Si les faits venaient à s’avérer, cela ferait l’effet d’un gros paradoxe, eu égard aux relations plutôt cordiales entre les autorités guinéennes et maliennes. Pourtant, l’hypothèse a clairement été évoquée le jeudi dernier, devant le tribunal militaire, à l’ouverture du procès sur le vol d’armes au camp de Samoreyah (Kindia). Dans le box, 4 militaires et 1 civil, accusés de vol, vente et transfert illicite d’armes, recel, complicité, blanchiment de capitaux et financement du terrorisme.
Sous-lieutenant Aboubacar Sidiki Kaba, caporal Karinka Doumbouya, caporal Lancinet Oularé et caporal Moussa Sidibé sont tous les quatre en service au magasin d’armement du centre d’entraînement aux opérations de maintien de paix (CEOMP) de Kindia. Le cinquième mis en cause, Mamadi Kaba, quant à lui, est membre du syndicat des transporteurs de Gomboya.
Au-delà de l’évocation du nom du général Sadiba Koulibaly, ancien chef d’Etat-major général des armées, la lecture des procès-verbaux des accusés a surtout fait émerger l’hypothèse que certaines des armées dérobées aient été transférées à un groupe terroriste évoluant au Mali voisin. Le sous-lieutenant Aboubacar Sidiki Kaba reconnaît notamment avoir fait un commerce d’armes avec le groupe Etat islamique basé au Mali.
Une hypothèse que ne réfute pas le caporal Lancinet Oularé. S’il se défend d’être mêlé à cette sombre affaire, il admet néanmoins que les armes ont été sorties par le sous-lieutenant Kaba. Ce dernier lui aurait indiqué que c’est sur instruction du général Sadiba Koulibaly et que le stock devait servir à neutraliser un groupe à Madina Oula (frontière Guinée-Sierra Léone). Mais curieusement, les armes n’ont jamais pris la direction de ce lieu. Au contraire, c’est à Kankan que 19 des 175 armes ont été saisies par la gendarmerie de sécurité routière de cette ville frontalière du Mali. Il ressort même du procès-verbal du caporal Oularé que le reste du stock « est arrivé à son destinataire, au Mali ».

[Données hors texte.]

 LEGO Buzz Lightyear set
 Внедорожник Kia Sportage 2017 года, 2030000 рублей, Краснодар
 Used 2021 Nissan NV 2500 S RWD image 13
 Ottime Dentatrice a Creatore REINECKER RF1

Cela laisse supposer que des militaires guinéens ont fourni un groupe terroriste sévissant au Mali en armes. A priori, une telle nouvelle ne peut guère faire plaisir au colonel Assimi Goïta et à ses camarades. Mais il y a pire pour la Guinée. En effet, si le contenu des procès-verbaux venait à se confirmer à l’issue du procès, il en ressortirait que des groupes terroristes opérant au Mali sont en contact avec certains éléments de l’armée guinéenne. Une éventualité qui n’a rien de rassurant.

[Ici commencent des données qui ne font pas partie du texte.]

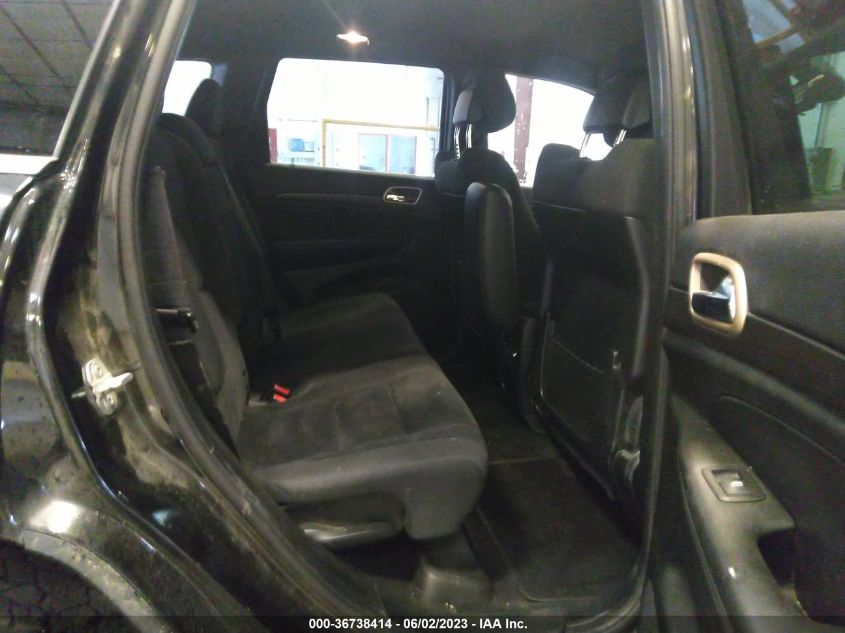 2015 JEEP GRAND CHEROKEE LAREDO - 1C4RJFAGXFC630831
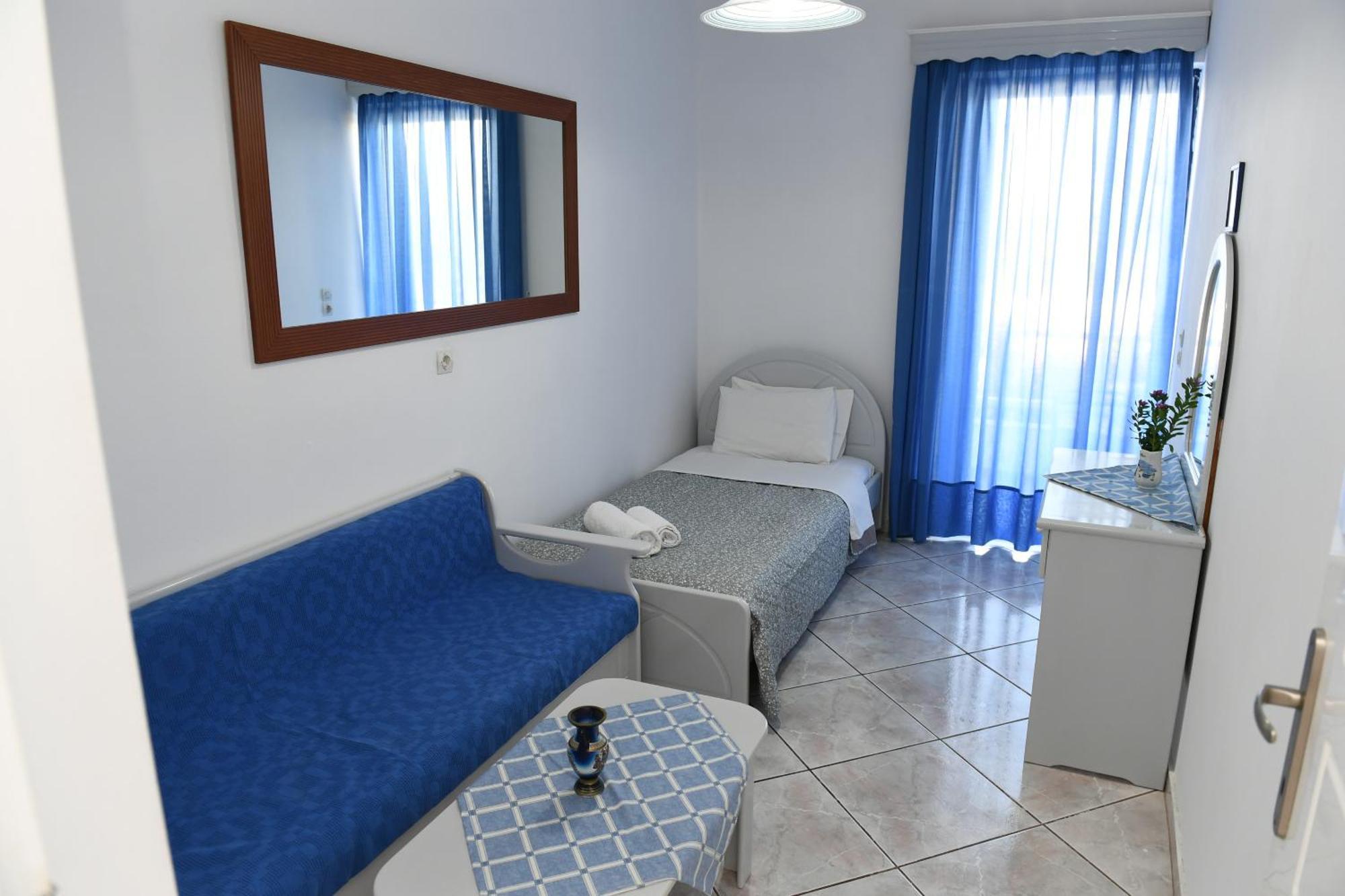 Mimis Apartments Kefalos  Exterior photo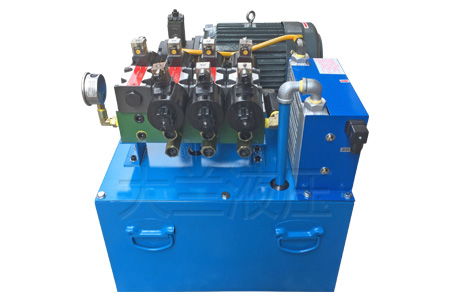 繪制液壓系統(tǒng)圖是個(gè)技術(shù)活,大蘭液壓工程師手把手來(lái)教您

Bien sûr, dans le contexte de la disgrâce de l »ancien chef d’Etat-major général des armées, certains pourraient voir dans toutes ces allégations une affaire montée de toutes pièces pour justifier sa chute et sa déchéance.
En tout état de cause, le procès se poursuit le mardi prochain devant le tribunal militaire.